The thrill of victory and the agony of defeat

Vinko Bogataj probably isn’t a name you recognize. But for millions of people, Vinko is the symbol of all who have tried to do something and failed spectacularly. In 1970 the young Yugoslavian competed in a ski flying event where he hurled out of control off the end of the ramp, tumbling and flipping wildly, and crashed through a retaining fence near a crowd of spectators. Although he only suffered a mild concussion and broken ankle, a crew from the ABC Wide World of Sports recorded the event and ended up using the clip for many years in the show’s opening along with the words, “and the agony of defeat.”
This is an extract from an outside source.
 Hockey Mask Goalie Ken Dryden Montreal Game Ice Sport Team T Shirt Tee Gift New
Mr. Bogataj returned to Slovenia, lived a quiet life, and eventually retired from sports. Unknown to him, the clip and the catchphrase had transformed him into an icon of bad luck and misfortune. He was completely surprised when he was asked to attend the 20th anniversary celebration for the Wide World of Sports. There he received a standing ovation and was asked for his autograph by the boxer Muhammed Ali.
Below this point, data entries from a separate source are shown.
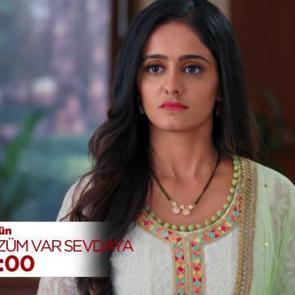 S&ouml;z&uuml;m Var Sevdaya dizisinde Sai, evdeki su&ccedil;lamalara karşı kendini savunuyor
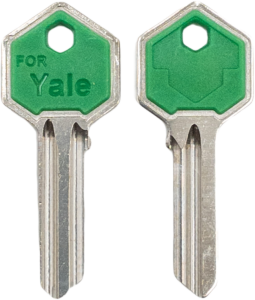 Key Blank/Colour (H101/CP)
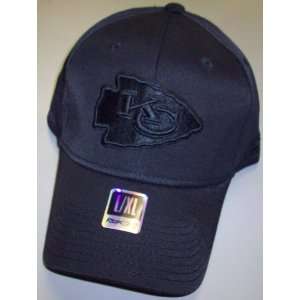  NFL Kansas City Chiefs L/XL Flexfit Hat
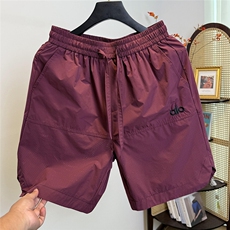 ！2025夏季新款男士冰丝速干短裤情侣五分裤DK362特P28控49，男装牛仔裤，电商B220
Why is that? I think it’s because while many people spend their lives chasing the dream of the “thrill of victory,” many more of us are all too familiar with the “agony of defeat.” At some point in time, in some arena of life, we can all identify with heartache and loss.

This Sunday we’ll look at some so-called “winners” and “losers” in the family of God. Hebrews 11:32 to 38 is one of the most powerful and disturbing passages in the Bible. As heartbreaking as it is to read and study this text, it’s essential we understand it. It will correct many of the misconceptions both Christians and non-Christians have about God and what a life of faith looks like.

If you plan to bring children into the service, I urge you to read this text ahead of time to determine whether you should. While it is full of glorious truth, it also contains graphic details that you need to know about ahead of time.